The Central Board of Secondary Education (CBSE) on Tuesday rubbished reports claiming major vulnerabilities with the agency’s On Screen Marking (OSM). The reports were based on claims made by a 19-year-old ‘hacker’ alleging “vulnerabilities” on social media.
Nisarga Adhikary, a 19-year-old hobbyist cybersecurity researcher who finished his Class 12 exams this year, claimed to have hacked the CBSE website and found severe loopholes in the OSM system. While his post on X, dated May 22, did not attract much attention earlier, tech entrepreneur Deedy Das spotted and re-shared it on his handle.

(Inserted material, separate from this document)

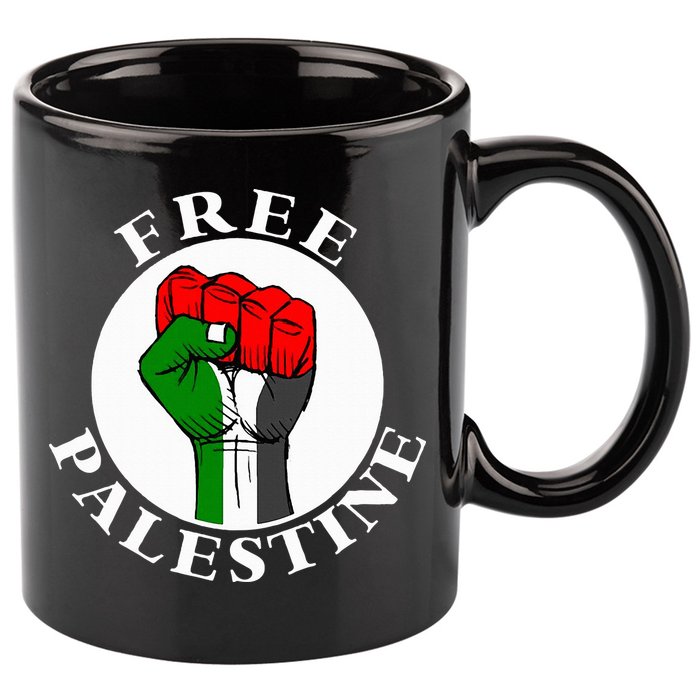 freepalestine free palestine 11oz C Handle Ceramic Mug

However, CBSE said that the URL seen on Adhikary’s screenshots is different than the actual OSM portal’s URL. The board said that the teen found the alleged issues on a testing site.
What happened?
“A 19-year old broke into India’s largest high school examination system of 2M+ students a year, the CBSE, and was able to view and CHANGE any students’ marks,” Deedy Das wrote on X.
In a lengthy blog post, Adhikary claimed that despite reporting the vulnerabilities to CERT-In on time, the education board did not fix them.
“He responsibly wrote to the team 3 months ago, and it took them 3 days to fix only one of the issues. Today, they took the entire website down,” Das said, calling the situation an “absolute embarrassment”.
CBSE responds
Responding to Adhikary’s claims, CBSE clarified that the portal used for evaluation answer sheets has a different URL than the one visible on the teenager’s screenshots. They said the alleged issues that Adhikary claims to have found were from a “testing site”.
“At the outset, it is clarified that the Portal used for evaluation of answer-books bore a different URL, which has neither been compromised nor does it have the vulnerabilities indicated in the said social media post. The URL: http://cbse.onmarks.co.in is the testing site only with sample data for internal testing and review purposes,” CBSE said in a post on X.
The education board affirmed that no security breaches have come to light on the OSM portal deployed for the actual evaluation work.
CBSE further stated that the OSM system was implemented for enhanced transparency in evaluation, “with strong grievance redressal mechanisms built into it.”